By Sonali Paul
MELBOURNE, Feb 3 (Reuters) - Oil rose in early trade on
Wednesday on expectations global oil stocks will fall back to
more normal levels this year and as U.S. lawmakers moved closer
to approving President Joe Biden's $1.9 trillion COVID-19 aid
bill without Republican support.
U.S. West Texas Intermediate (WTI) crude CLc1 futures
climbed 11 cents, or 0.2%, to $54.87 a barrel at 0130 GMT, in a
third straight day of gains. The benchmark hit a one-year high
of A$55.26 on Tuesday.
Brent crude LCOc1 futures rose 16 cents, or 0.3%, to
$57.62 a barrel, in a fourth straight day of gains after hitting
$58.05 on Tuesday, its highest in more than 11 months.
Analysts said the market was buoyed by the latest assessment
by the Organization of the Petroleum Exporting Countries and
allies, together known as OPEC+, that oil stockpiles will
decline to below a five-year average by June.

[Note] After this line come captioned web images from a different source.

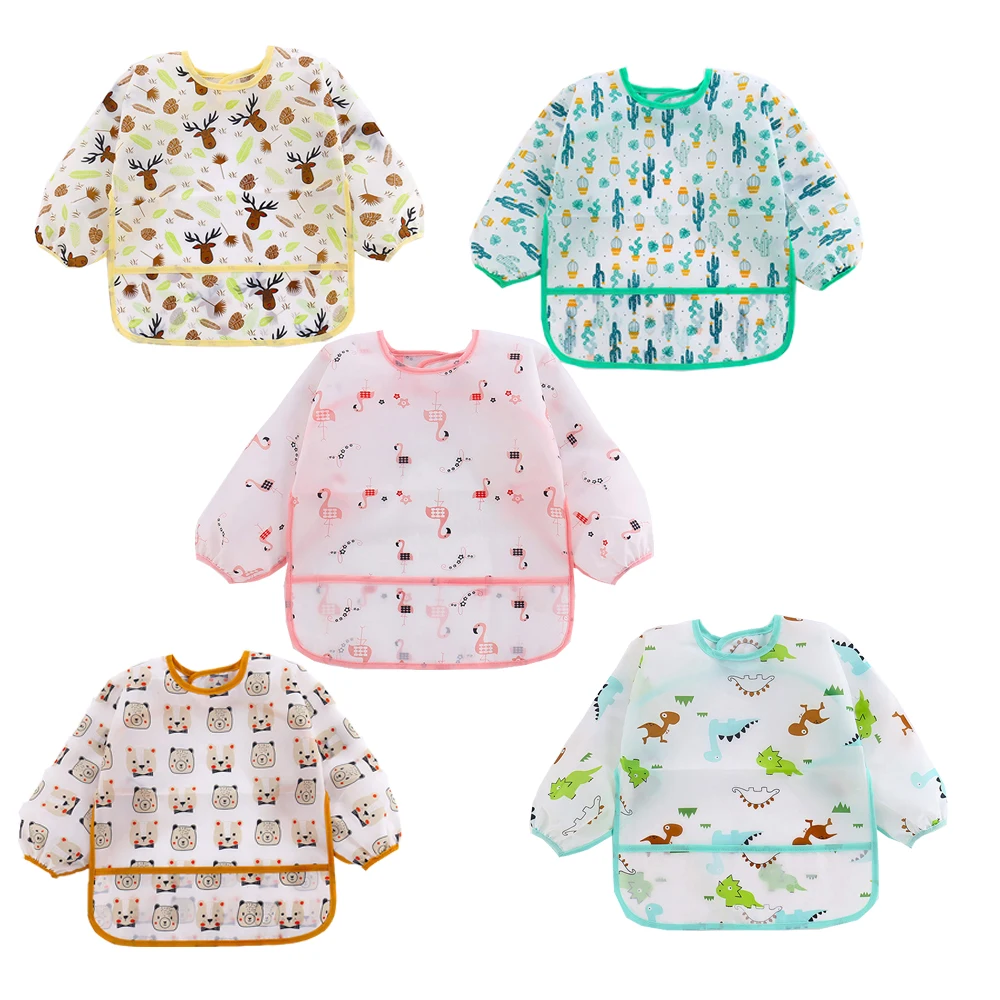 waterproof baby messy play apron animal plants printed feeding baby dinner bib long sleeve bibs baby
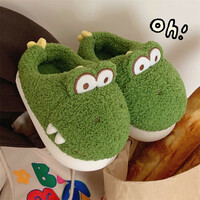 Cute Warm Dinosaur Plush Slippers - Thumbnail 2
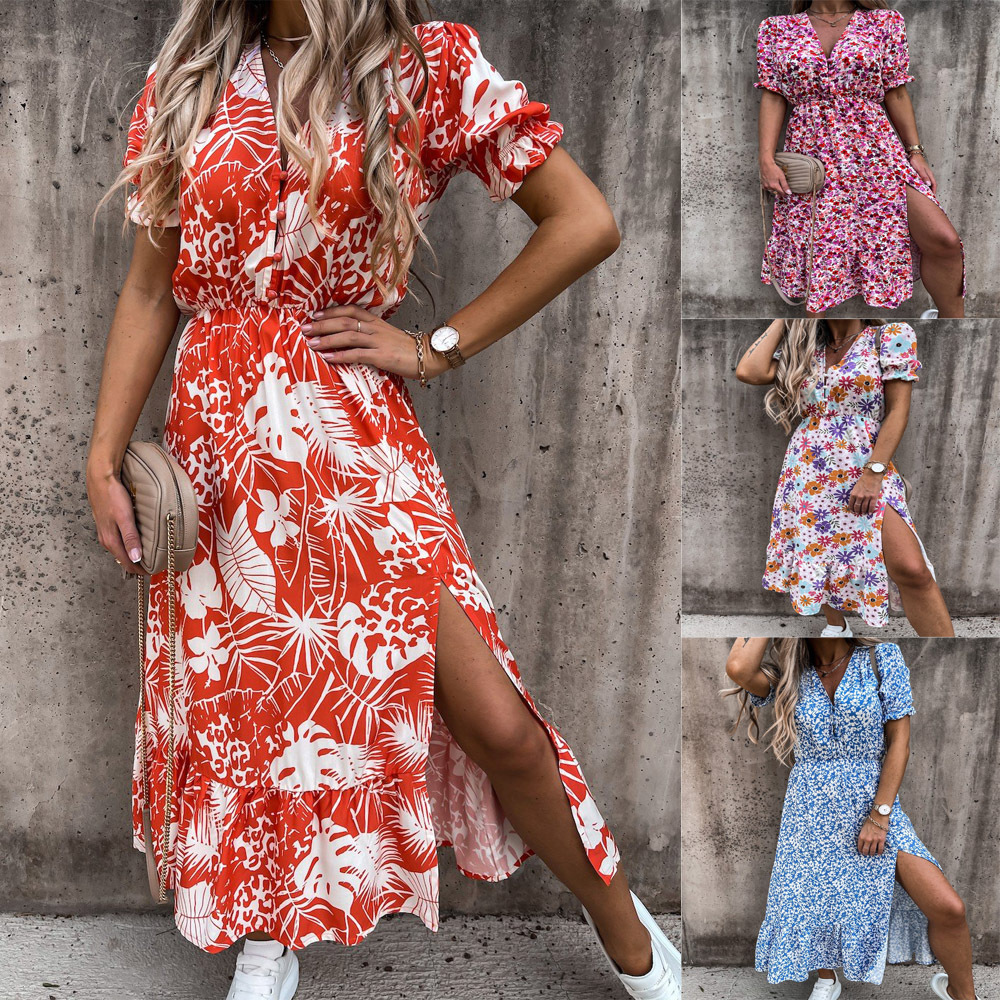 Summer Floral Print Dress Women V Neck Side Slit Long Dress Elegant Short Sleeve Button Slim Spring Female Party Dress Vestidos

That showed the producers' output cuts were succeeding in
bringing the market back into balance.
"The strategy was very clear. OPEC and allies set out to cut
a deal that would normalise global excess inventory through 2021
- well, they're on track," said Lachlan Shaw, head of commodity
research at National Australia Bank.
OPEC+ expects output cuts will keep the market in deficit
throughout this year, peaking at 2 million barrels per day in
May, even though it revised down its outlook for demand growth,
a document seen by Reuters on Tuesday showed. Further supporting the market, industry data after the
market closed on Tuesday showed U.S. crude and gasoline
inventories fell unexpectedly.
The American Petroleum Institute, an industry group,
reported U.S. crude oil inventories fell by 4.3 million barrels
in the week to Jan. 29, compared with analysts' expectations in
a Reuters poll for a build of 446,000 barrels.
API/S
Gasoline stocks fell by 240,000 barrels, defying analysts'
expectations for a build of 1.1 million barrels, while
distillate inventories, which include heating oil and jet fuel,
fell by 1.6 million barrels, a bigger draw than expected.
U.S. government data is due at 1530 GMT from the Energy
Information Administration.
Analysts said while there are still short-term risks around
demand due to the spread of COVID-19, vaccines are being rolled
out successfully and should lead to lockdowns being eased and
people moving around more.
"So I think that's certainly buttressing demand hopes,
together with impacts from stimulus," NAB's Shaw said.